Survey: Pandemic Devastates Small Business Workforce
The coronavirus is having a devastating impact on the nation’s small business workforce as one-third of companies have laid off or furloughed workers, and two-thirds have cut hours, according to a new survey.
The Morning Consult/Bipartisan Policy Council survey of 502 small businesses across the U.S. took place April 8-12 and found that 28% of companies had laid off workers, 30% had furloughed them, and 65% reduced their hours.
Among the things the survey examines are the challenges small businesses face from COVID-19, how it affects the workforce, the use of expanded unemployment benefits, and the impact of the Families First Coronavirus Response Act.
A drop in business revenue was a major factor in the decision to lay off (79%) or furlough (82%) employees, respondents said.
Businesses with two to 49 employees on average laid off 63% of their workforce while larger companies with 50 to 500 employees laid off 54% on average.
Other findings:
- Furloughs were on average 50% of the workforce
- 23% of the companies that laid workers off let 91%-100% of their workforce go
- 61% of companies that furloughed workers maintained their healthcare benefits
Revenue Declines
Over half of small business executives (59%) say the decline in revenue is the biggest challenge their business has faced during the pandemic while 29% said it’s the second-biggest challenge.
And three-quarters (74%) are concerned about employees who have children at home because of school or child care closures due to COVID-19.
Most businesses have some or all employees working remotely, with 45% having all work remotely, 36% with a combination, and 20% with all employees reporting to the workplace.

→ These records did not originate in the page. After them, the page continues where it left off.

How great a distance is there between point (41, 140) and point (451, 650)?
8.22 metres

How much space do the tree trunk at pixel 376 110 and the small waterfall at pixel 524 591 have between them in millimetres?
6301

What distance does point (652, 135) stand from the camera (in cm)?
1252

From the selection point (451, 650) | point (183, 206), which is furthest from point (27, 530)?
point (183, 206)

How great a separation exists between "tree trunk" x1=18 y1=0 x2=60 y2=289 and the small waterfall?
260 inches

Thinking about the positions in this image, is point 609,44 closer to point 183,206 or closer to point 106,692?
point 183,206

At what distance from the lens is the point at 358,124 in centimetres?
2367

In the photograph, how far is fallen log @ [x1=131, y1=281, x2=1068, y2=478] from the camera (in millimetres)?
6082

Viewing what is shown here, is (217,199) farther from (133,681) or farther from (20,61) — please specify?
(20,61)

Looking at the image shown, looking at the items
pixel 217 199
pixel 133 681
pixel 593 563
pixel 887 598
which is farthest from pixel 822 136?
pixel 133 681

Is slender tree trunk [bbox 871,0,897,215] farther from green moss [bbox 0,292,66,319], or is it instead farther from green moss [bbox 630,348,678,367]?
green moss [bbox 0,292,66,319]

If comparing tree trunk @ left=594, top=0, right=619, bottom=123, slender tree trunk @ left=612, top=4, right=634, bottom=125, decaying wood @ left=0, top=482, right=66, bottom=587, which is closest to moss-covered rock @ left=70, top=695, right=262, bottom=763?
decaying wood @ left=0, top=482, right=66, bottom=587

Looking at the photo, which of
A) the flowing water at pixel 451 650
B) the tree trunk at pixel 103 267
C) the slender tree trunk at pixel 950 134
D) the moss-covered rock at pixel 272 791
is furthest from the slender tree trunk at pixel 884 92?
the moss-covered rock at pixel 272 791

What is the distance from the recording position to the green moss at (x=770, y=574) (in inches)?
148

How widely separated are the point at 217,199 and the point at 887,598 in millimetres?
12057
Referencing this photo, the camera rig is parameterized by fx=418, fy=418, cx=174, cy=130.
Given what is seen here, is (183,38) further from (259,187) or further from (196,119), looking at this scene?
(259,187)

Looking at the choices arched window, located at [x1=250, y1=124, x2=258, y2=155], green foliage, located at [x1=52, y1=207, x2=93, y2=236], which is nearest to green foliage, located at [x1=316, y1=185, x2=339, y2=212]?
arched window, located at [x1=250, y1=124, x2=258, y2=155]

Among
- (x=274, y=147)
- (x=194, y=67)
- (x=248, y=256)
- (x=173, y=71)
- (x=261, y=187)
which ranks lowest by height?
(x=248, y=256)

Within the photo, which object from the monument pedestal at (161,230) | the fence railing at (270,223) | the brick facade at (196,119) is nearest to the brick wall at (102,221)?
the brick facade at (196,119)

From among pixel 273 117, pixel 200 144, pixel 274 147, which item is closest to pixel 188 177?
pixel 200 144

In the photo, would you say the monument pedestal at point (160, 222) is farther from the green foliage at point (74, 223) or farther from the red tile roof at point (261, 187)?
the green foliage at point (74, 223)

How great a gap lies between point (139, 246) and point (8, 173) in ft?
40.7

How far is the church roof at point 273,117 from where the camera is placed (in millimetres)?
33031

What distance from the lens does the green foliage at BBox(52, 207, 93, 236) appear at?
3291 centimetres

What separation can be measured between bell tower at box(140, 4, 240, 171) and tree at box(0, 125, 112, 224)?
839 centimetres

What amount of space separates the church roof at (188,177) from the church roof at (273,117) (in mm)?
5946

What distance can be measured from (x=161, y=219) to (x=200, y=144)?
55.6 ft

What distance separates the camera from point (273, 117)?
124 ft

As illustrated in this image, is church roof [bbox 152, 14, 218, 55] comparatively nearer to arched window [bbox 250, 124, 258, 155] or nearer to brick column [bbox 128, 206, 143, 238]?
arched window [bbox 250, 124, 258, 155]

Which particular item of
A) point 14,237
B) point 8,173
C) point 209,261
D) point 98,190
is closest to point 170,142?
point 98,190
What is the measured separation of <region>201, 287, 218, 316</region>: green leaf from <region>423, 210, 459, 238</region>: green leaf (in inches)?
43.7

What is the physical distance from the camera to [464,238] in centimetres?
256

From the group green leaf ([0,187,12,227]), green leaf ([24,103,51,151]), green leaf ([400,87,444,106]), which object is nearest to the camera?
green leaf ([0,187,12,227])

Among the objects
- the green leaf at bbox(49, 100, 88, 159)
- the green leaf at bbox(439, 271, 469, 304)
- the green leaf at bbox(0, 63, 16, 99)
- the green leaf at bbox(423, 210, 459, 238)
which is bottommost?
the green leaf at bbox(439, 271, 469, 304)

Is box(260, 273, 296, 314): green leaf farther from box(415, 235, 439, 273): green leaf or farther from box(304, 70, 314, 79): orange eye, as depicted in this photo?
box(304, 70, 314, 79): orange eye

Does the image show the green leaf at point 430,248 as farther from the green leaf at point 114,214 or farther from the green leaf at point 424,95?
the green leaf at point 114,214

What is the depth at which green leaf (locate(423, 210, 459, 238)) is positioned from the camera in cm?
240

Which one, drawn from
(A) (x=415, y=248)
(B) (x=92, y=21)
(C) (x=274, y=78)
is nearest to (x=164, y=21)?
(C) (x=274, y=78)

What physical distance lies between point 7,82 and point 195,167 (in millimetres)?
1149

Small business owners are split on the most significant challenge to working remotely with 29% saying it’s the lack of regular personal interaction among staff, 23% pointing to family needs like childcare and homeschooling, 22% citing technology barriers, and 22% reporting no issues.
Small business owners and executives say expanded unemployment benefits are impacting their workforce decisions.
Nearly one-third of small business executives (32%) say expanded unemployment benefits have made it more difficult for their workforce during COVID-19.
And over half who have laid off or furloughed employees say the expanded unemployment benefits played a role in their decision, with about 35% saying it played a major role and around 25% saying a minor role.
Only 16% of businesses had an employee resign because of COVID-19.
Families First Act
Survey respondents are divided on the impact of the Families First Coronavirus Response Act.
While 44% of small businesses say it helps, 37% say it hurt business operations, although responses depend on company size.
Companies with 20 or less employees are slightly more likely to say it hurts their business, while those with 21 to 500 employees are more likely to say it helps.
The survey also found that while many small businesses are not using federal programs, 29% are using the Paycheck Protection Program, 28% tax credits for required emergency paid leave, and 18% economic injury disaster loans.